Can I use cURL on Windows?

Yes. cURL has been included by default in Windows 10 (build 17063 and later) and Windows 11. Open Command Prompt or PowerShell and type curl --version to verify. Note that in PowerShell, curl is aliased to Invoke-WebRequest. To use the real cURL, type curl.exe instead. On older Windows versions, you can install cURL via Chocolatey, Scoop, or download it directly from the official website.
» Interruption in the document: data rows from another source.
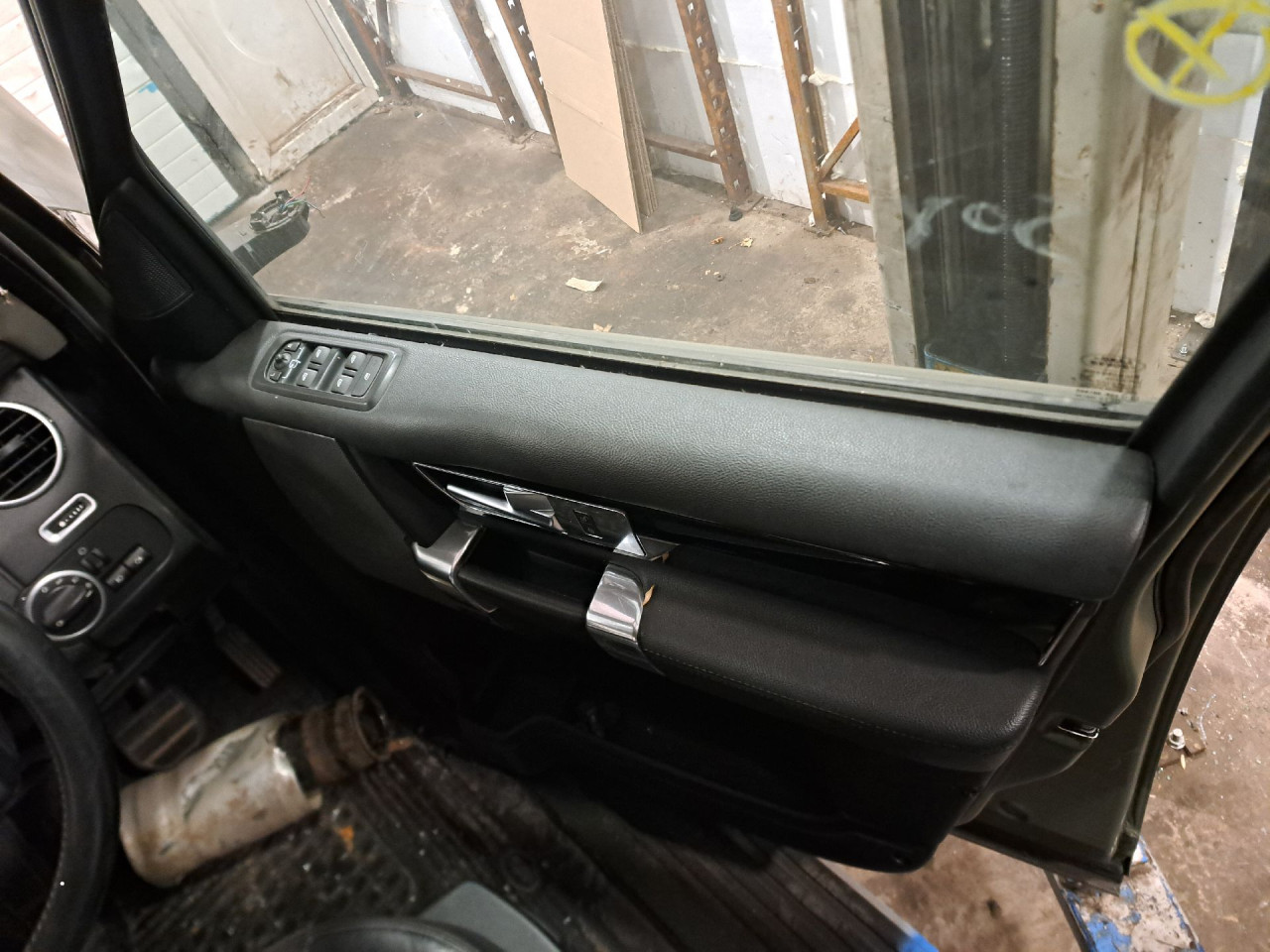 DIJELOVI VRATA LAND ROVER DISCOVERY > 14-15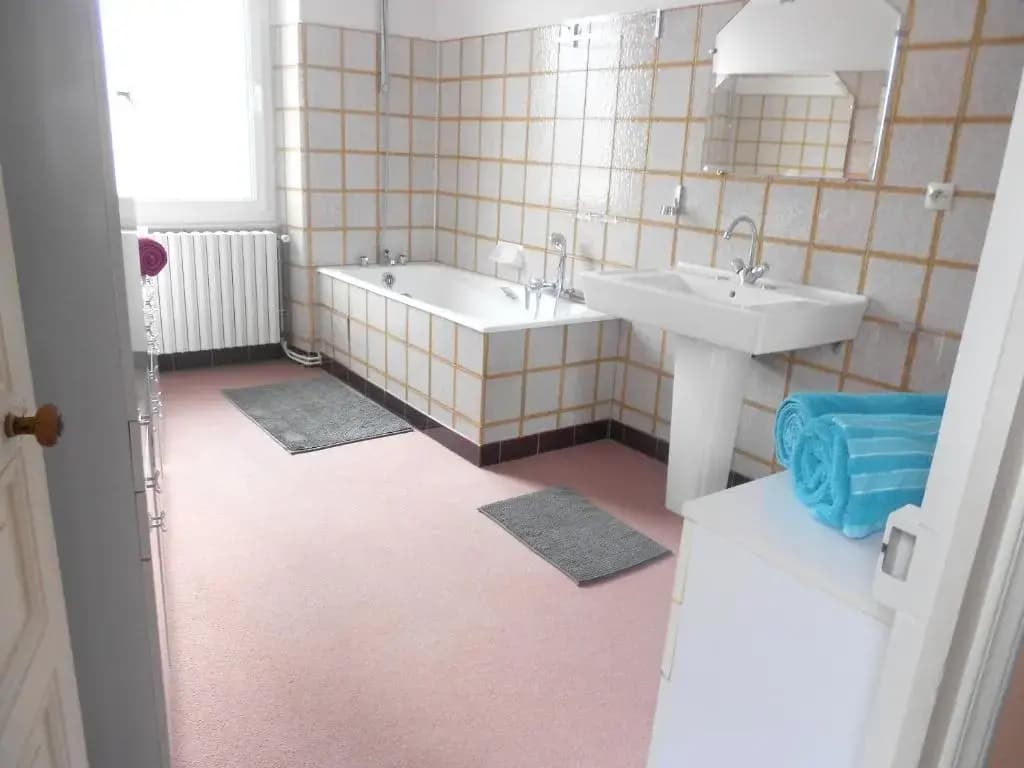 House With 3 Bedrooms in Airvault, With Enclosed Garden and Wifi - Miniature 7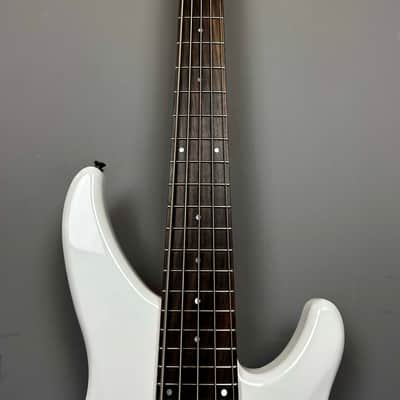 Yamaha TRBX305 2025 - White image 5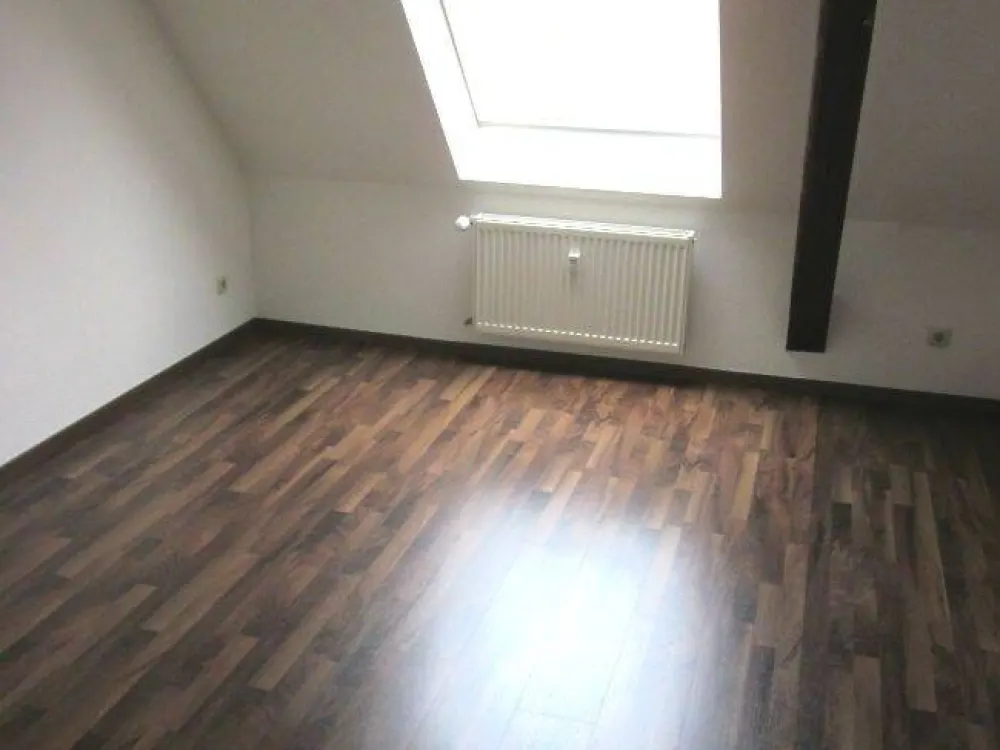 Eutritzsch - kleine, helle Dachgeschoßwohnung mit Tageslichtbad, Wanne & EBK in ruhiger Seitenstraße
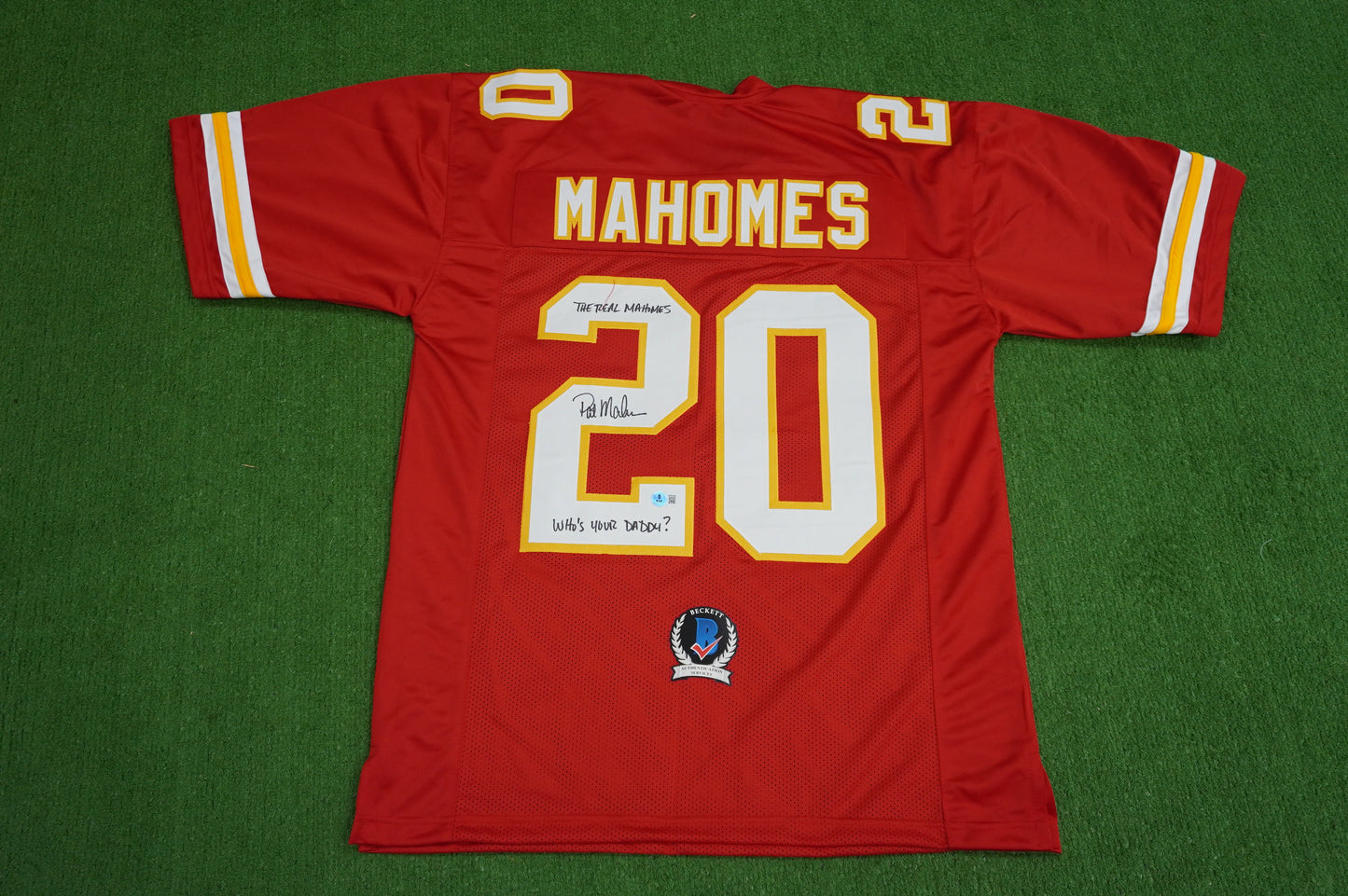 PAT PATRICK MAHOMES SR SIGNED JERSEY KC CHIEFS w/The Real Who'sYourDaddy BAS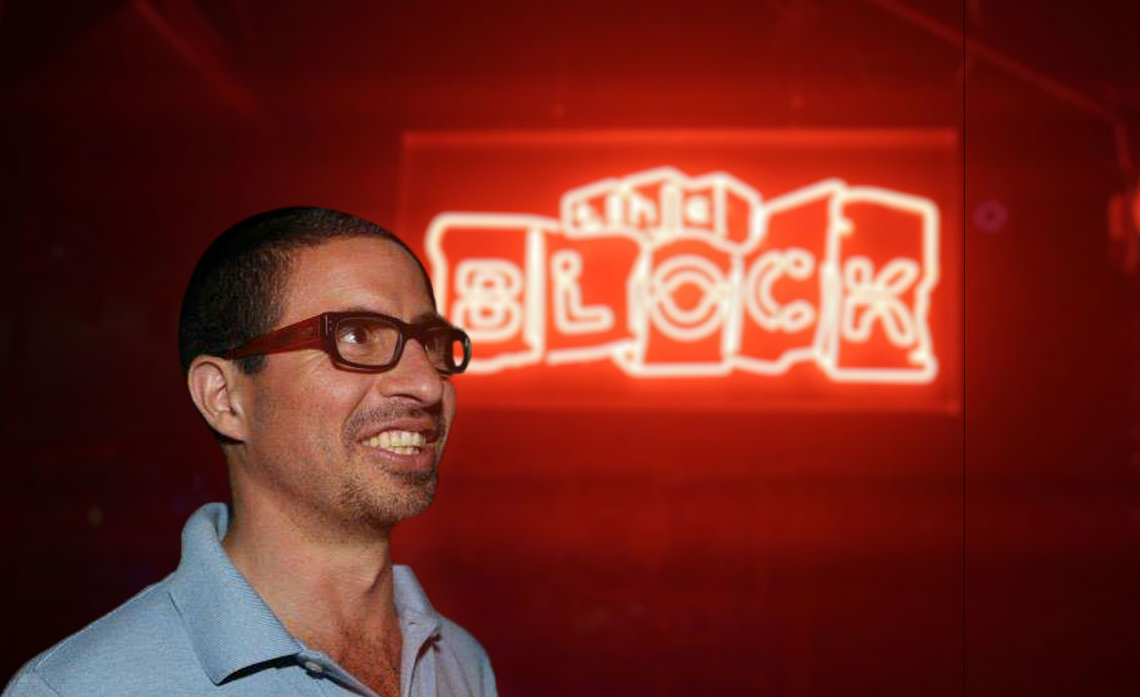 קסטיאל על רקע מועדון הבלוק | אילוסטרציה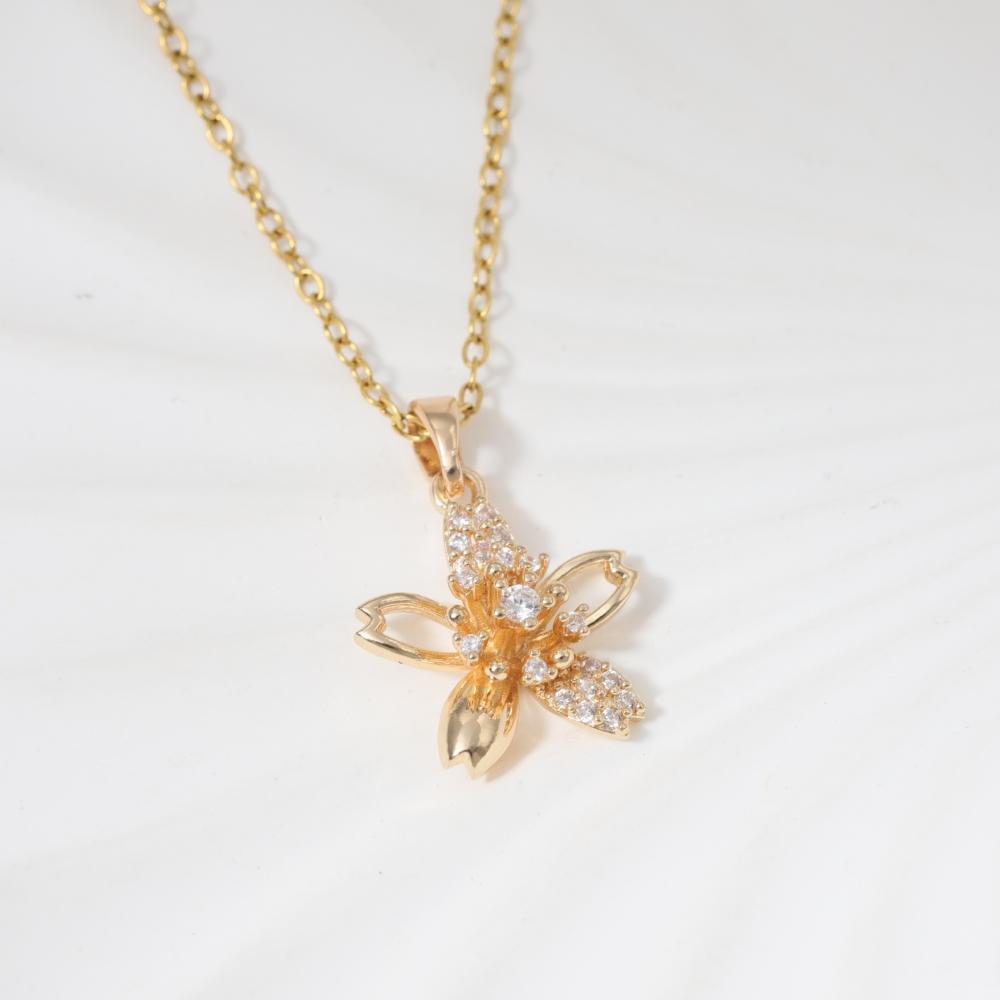 Modische Zirkonia Kirschblüten Anhänger Halskette, Zierlicher Blumenschmuck für Damen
How do I convert a cURL command to code?

The easiest way is to use an online converter tool. Simply copy your cURL command and paste it into a cURL to Code converter. These tools parse the cURL syntax and generate equivalent code in languages like Python, JavaScript, Go, PHP, Java, Ruby, and C#. This saves time and reduces the risk of translation errors, especially for complex commands with multiple headers, authentication, and data payloads.